Massachusetts has one of the lowest uninsured rates in the nation. Nevertheless, the percentage of residents without health insurance increased from 2.8 percent in 2018 to 3 percent over the past year. Massachusetts is doing well compared to states such as Texas, which has the nation’s highest uninsured rate (18.4 percent), but still tens of thousands of people lack access to affordable health care.

Costs also remain high.

In 2018, Massachusetts spent $60.9 billion on health care or roughly $8,827 per person, an increase of 3 percent from 2017.

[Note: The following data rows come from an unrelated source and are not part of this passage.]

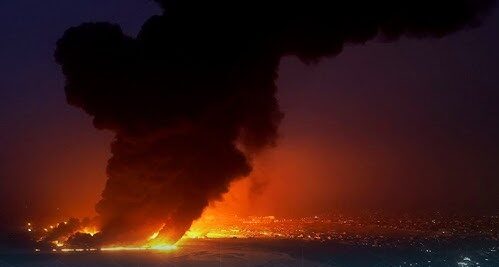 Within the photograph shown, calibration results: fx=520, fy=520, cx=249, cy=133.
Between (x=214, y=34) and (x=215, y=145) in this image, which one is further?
(x=215, y=145)

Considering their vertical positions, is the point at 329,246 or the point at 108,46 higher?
the point at 108,46

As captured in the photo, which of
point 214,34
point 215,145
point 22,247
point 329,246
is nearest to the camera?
point 214,34

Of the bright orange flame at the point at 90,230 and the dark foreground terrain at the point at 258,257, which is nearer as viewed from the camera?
the dark foreground terrain at the point at 258,257

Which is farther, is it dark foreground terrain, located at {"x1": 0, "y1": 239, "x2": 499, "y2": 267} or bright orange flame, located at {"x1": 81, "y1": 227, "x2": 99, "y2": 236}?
bright orange flame, located at {"x1": 81, "y1": 227, "x2": 99, "y2": 236}

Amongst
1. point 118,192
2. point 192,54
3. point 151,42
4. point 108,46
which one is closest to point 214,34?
point 192,54

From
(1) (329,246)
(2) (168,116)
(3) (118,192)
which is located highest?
(2) (168,116)

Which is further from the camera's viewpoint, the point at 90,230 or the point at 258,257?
the point at 90,230

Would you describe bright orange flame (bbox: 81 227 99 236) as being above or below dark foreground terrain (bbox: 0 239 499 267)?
above

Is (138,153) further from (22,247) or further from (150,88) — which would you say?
(22,247)

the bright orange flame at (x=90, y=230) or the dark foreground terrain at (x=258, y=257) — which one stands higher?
the bright orange flame at (x=90, y=230)

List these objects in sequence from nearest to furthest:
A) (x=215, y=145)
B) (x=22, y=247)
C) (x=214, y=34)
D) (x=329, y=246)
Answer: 1. (x=214, y=34)
2. (x=215, y=145)
3. (x=22, y=247)
4. (x=329, y=246)

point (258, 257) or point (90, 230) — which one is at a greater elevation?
point (90, 230) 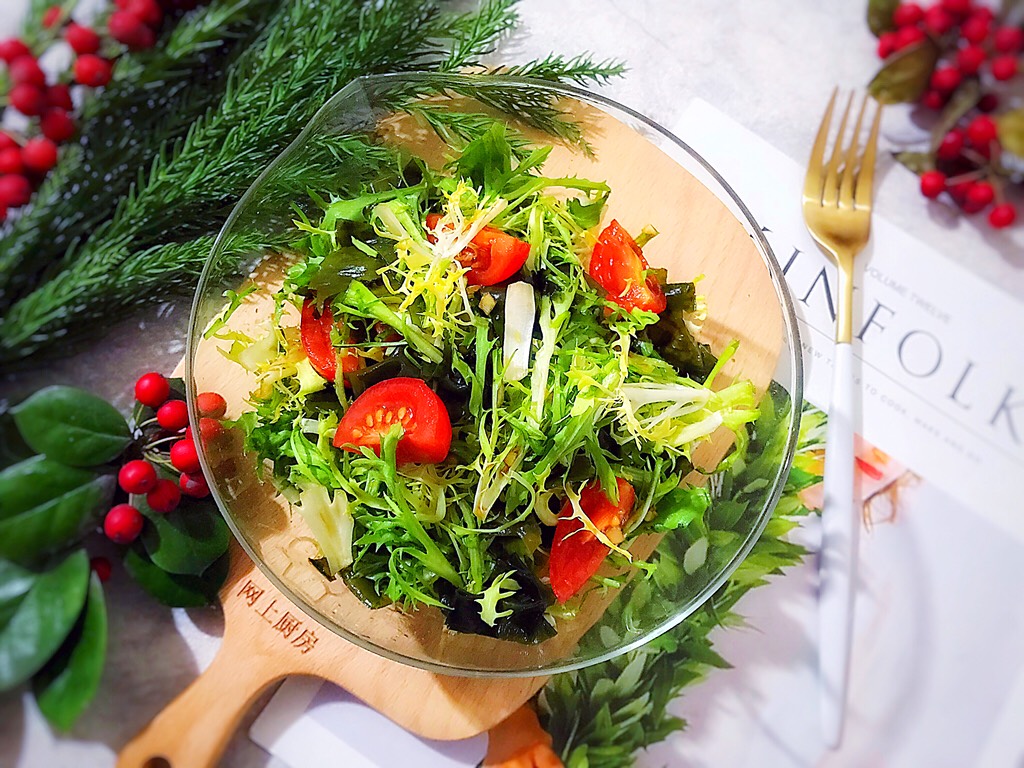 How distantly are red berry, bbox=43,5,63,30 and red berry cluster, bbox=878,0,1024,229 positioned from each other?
135cm

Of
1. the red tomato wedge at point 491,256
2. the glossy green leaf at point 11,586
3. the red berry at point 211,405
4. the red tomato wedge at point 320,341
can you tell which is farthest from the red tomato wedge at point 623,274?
the glossy green leaf at point 11,586

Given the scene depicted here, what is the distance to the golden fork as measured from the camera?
1.16 metres

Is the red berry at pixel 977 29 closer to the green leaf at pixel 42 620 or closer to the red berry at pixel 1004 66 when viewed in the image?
the red berry at pixel 1004 66

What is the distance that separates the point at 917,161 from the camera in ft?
4.21

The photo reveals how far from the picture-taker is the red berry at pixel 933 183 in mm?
1255

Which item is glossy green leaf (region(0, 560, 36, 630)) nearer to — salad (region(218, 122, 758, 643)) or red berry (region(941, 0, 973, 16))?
salad (region(218, 122, 758, 643))

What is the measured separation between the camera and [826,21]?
134 centimetres

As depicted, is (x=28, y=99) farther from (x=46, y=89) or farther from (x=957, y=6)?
(x=957, y=6)

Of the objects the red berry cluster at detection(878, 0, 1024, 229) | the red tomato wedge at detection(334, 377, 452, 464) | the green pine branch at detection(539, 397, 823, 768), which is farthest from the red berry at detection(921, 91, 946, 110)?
the red tomato wedge at detection(334, 377, 452, 464)

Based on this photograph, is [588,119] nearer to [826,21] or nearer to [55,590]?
[826,21]

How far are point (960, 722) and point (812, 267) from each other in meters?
0.76

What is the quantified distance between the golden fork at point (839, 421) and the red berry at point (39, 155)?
1.16 meters

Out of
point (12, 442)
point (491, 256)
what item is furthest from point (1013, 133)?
point (12, 442)

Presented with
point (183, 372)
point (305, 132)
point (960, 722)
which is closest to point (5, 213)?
point (183, 372)
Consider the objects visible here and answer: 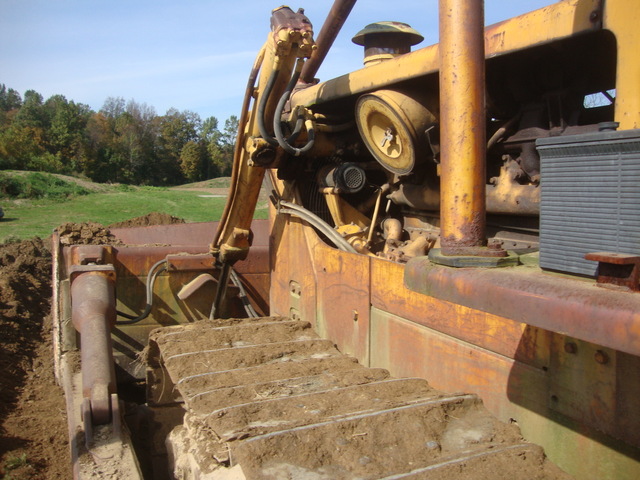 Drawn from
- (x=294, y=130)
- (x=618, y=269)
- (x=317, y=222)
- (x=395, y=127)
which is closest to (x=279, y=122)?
(x=294, y=130)

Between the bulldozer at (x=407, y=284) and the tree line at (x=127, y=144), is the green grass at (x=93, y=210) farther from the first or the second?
the tree line at (x=127, y=144)

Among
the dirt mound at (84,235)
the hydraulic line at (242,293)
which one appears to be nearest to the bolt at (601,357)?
the hydraulic line at (242,293)

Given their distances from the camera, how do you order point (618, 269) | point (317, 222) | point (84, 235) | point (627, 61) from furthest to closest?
1. point (84, 235)
2. point (317, 222)
3. point (627, 61)
4. point (618, 269)

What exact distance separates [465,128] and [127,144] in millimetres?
58034

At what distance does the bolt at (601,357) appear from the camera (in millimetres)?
1764

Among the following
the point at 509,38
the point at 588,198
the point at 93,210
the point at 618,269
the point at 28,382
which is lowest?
the point at 28,382

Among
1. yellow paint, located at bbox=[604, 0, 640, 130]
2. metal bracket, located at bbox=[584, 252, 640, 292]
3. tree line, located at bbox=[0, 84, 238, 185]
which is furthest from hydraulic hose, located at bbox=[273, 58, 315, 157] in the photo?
tree line, located at bbox=[0, 84, 238, 185]

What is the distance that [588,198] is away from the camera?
1.50 meters

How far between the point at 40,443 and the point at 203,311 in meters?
1.31

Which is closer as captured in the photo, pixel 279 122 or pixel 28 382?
pixel 279 122

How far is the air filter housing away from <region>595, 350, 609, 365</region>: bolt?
337 mm

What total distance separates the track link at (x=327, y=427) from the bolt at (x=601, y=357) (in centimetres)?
34

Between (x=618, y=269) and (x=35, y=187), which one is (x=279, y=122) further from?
(x=35, y=187)

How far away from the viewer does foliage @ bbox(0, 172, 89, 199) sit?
2456cm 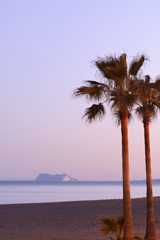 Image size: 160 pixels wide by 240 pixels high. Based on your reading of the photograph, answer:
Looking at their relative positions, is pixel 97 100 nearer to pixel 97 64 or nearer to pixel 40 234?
pixel 97 64

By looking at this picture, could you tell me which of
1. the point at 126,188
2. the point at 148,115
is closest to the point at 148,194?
the point at 126,188

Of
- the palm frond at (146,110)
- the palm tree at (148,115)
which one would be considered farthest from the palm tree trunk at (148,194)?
the palm frond at (146,110)

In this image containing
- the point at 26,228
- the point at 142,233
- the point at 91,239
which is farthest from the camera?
the point at 26,228

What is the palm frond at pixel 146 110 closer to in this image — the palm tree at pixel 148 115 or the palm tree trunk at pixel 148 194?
the palm tree at pixel 148 115

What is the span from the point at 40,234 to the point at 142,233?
4022mm

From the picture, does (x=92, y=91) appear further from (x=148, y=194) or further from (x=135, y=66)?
(x=148, y=194)

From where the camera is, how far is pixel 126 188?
18203 millimetres

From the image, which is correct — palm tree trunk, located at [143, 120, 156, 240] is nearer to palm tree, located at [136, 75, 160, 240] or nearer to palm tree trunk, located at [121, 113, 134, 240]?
palm tree, located at [136, 75, 160, 240]

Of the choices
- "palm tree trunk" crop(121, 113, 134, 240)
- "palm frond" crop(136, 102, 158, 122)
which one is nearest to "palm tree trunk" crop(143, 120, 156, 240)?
"palm frond" crop(136, 102, 158, 122)

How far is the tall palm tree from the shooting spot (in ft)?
59.6

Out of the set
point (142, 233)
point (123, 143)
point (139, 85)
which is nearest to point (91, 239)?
point (142, 233)

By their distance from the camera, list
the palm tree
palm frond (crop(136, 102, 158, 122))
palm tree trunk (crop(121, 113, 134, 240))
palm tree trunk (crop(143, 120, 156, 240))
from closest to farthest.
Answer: palm tree trunk (crop(121, 113, 134, 240)), the palm tree, palm frond (crop(136, 102, 158, 122)), palm tree trunk (crop(143, 120, 156, 240))

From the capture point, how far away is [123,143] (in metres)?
18.5

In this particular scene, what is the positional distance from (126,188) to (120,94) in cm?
280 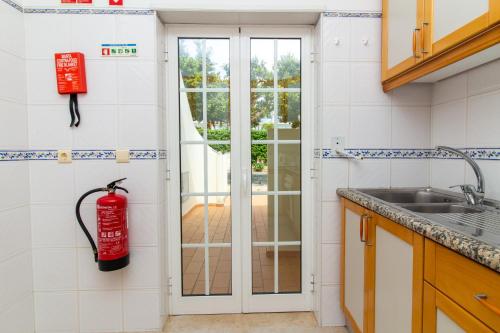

Private health insurance continues to pass along higher costs in the form of premium increases and more out of pocket spending. As a result, some argue that Massachusetts should consider creating a publicly funded single-payer health insurance plan to eliminate private health insurance.

Other states in the region, including New York and Vermont, considered a single-payer system. New York has debated a single-payer system for more than two decades.

Although a single-payer plan would eliminate deductibles, co-pays, and other out of payment pockets, it would ban the sale of existing private insurance plans.

The cost of a single-payer plan is high – recent estimates project that New York would have to spend around $200 billion annually – more than the state’s fiscal year 2020 budget.

As the president of the Healthcare Association of New York, Bea Grause, noted, “Having a single-payer – the New York Act specifically – would be irresponsible” based on the state’s budget and current deficits.

Massachusetts also considered a single-payer system in recent years.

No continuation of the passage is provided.